Louis set out to govern his principality as though it were an independent state. He dismissed the governor; he determined advantageously to himself the boundaries between his state and the territories of the duke of Savoy and of the papacy; and he enforced his authority over perhaps the most unruly nobility in western Europe, both lay and ecclesiastical. The right of private warfare was abolished; the bishops were obliged to give up most of their temporal jurisdiction, the scope of their courts was limited, and appeals to Rome were curtailed. On the other hand, Louis granted privileges to the towns and consistently used their alliance to overthrow the nobility. He watched the roads, built new ones, opened markets, protected the only bankers of the country, the Jews, and reorganized the administration so as to draw the utmost revenue possible from the prosperity thus secured. His ambition led him into foreign entanglements; he made a secret treaty with the duke of Savoy which was to give him right of way to Genoa, and made arrangements for a partition of the duchy of Milan. The alliance with Savoy was sealed by the marriage of Louis with Charlotte, daughter of Duke Lodovico, in 1452, in spite of the formal prohibition of Charles VII. The king marched south, but withdrew again leaving his son unsubdued. Four years later, as Charles came to the Bourbonnais, Louis, fearing for his life, fled to Flanders to the court of Philip the Good, duke of Burgundy, leaving Dauphiné to be definitely annexed to the crown of France. The policy of the dauphin was reversed, his ten years’ work was undone. Meanwhile he was installed in the castle of Genappe, in Brabant, where he remained until the death of his father. For this he waited impatiently five years, keeping himself posted by spies of every stage of the king’s last illness, and thus laying himself open to the accusation, believed in by Charles himself, that he had hastened the end by poison, a charge which modern historians deny.

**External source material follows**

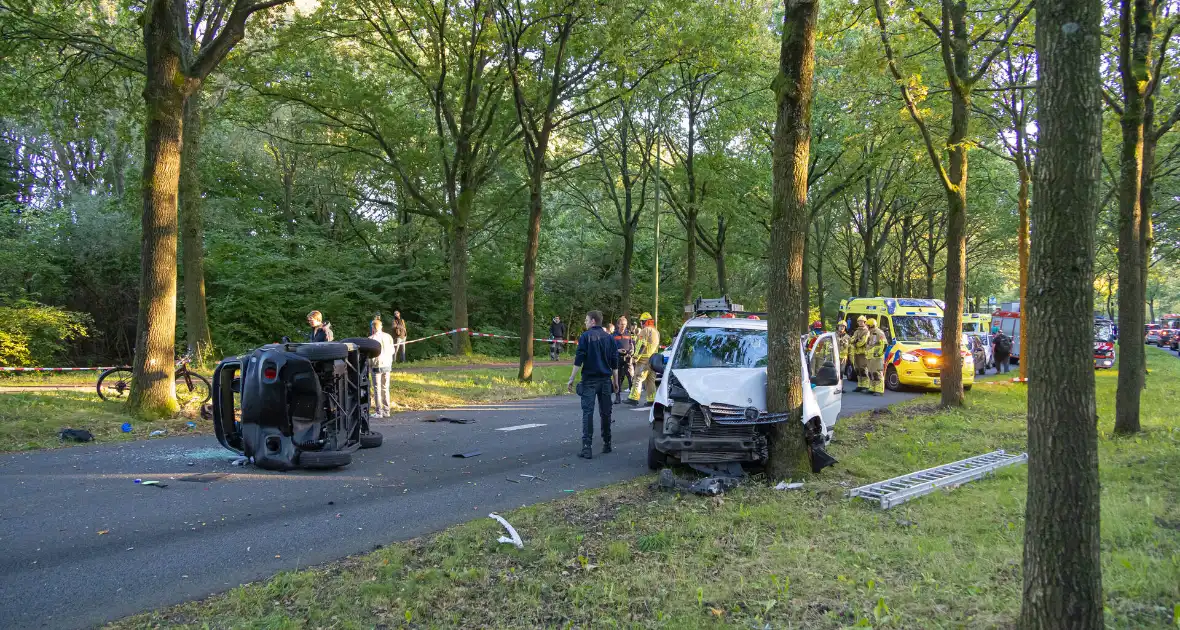 Enorme ravage nadat bus tegen boom rijd, één persoon aangehouden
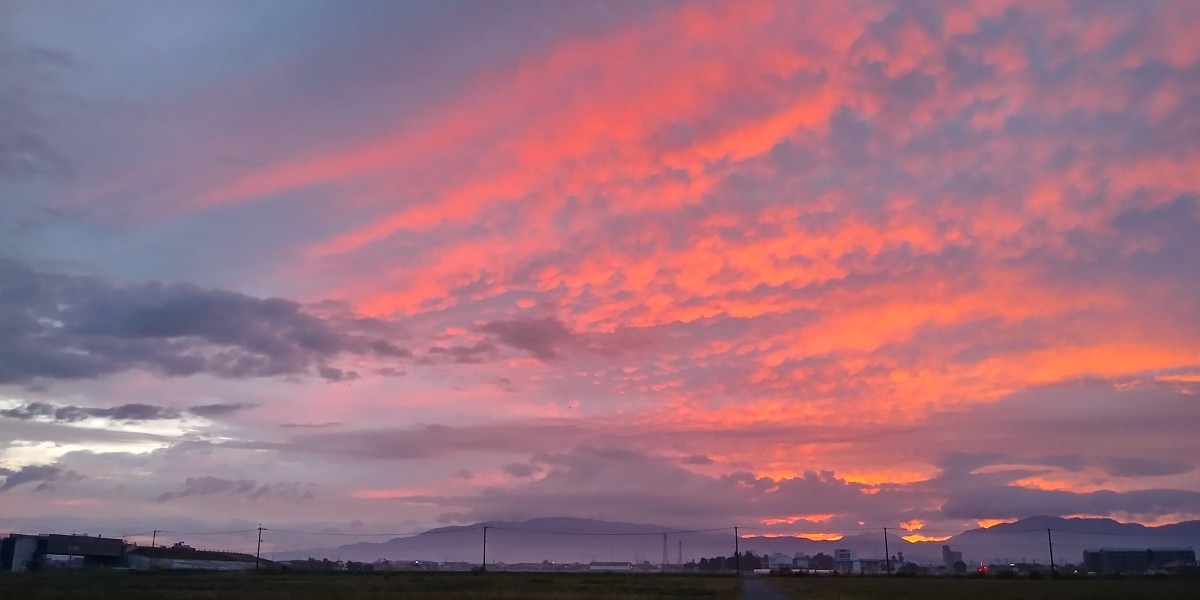 都城市（2023/10/20）今朝の朝焼け😊（東の空）①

On the 15th of August 1461, Louis was anointed at Reims, and Philip of Burgundy, as doyen of the peers of France, placed the crown on his head. For two months Philip acted as though the king were still his protégé. But in the midst of the festivities with which he was entertaining Paris, the duke found that Louis ventured to refuse his candidates for office, and on the 24th of September the new king left abruptly for Touraine. His first act was to strike at the faithful ministers of Charles VII. Pierre de Brézé and Antoine de Chabannes were captured and imprisoned, as well as men of sterling worth like Étienne Chevalier. But the king’s shrewdness triumphed before long over his vengeance, and the more serviceable of the officers of Charles VII. were for the most part soon reinstated, Louis’ advisers were mostly men of the middle class. He had a ready purse for men of talent, drawing them from England, Scotland, Italy, Spain and Portugal. Such a motley throng of competent men had never before been seen at the court of France. Their origin, their previous crimes or virtues, their avarice or brutality, were indifferent to him so long as they served him loyally. Torture and imprisonment awaited them, whether of high or low degree, if he fancied that they were betraying him. Among the most prominent of these men in addition to Brézé, Chevalier and Chabannes, were Tristan Lermite, Jean de Daillon, Olivier le Dain (the barber), and after 1472, Philippe de Commines, drawn from the service of Charles the Bold of Burgundy, who became his most intimate adviser and biographer. Surrounded by men like these Louis fought the last great battle of French royalty with feudalism.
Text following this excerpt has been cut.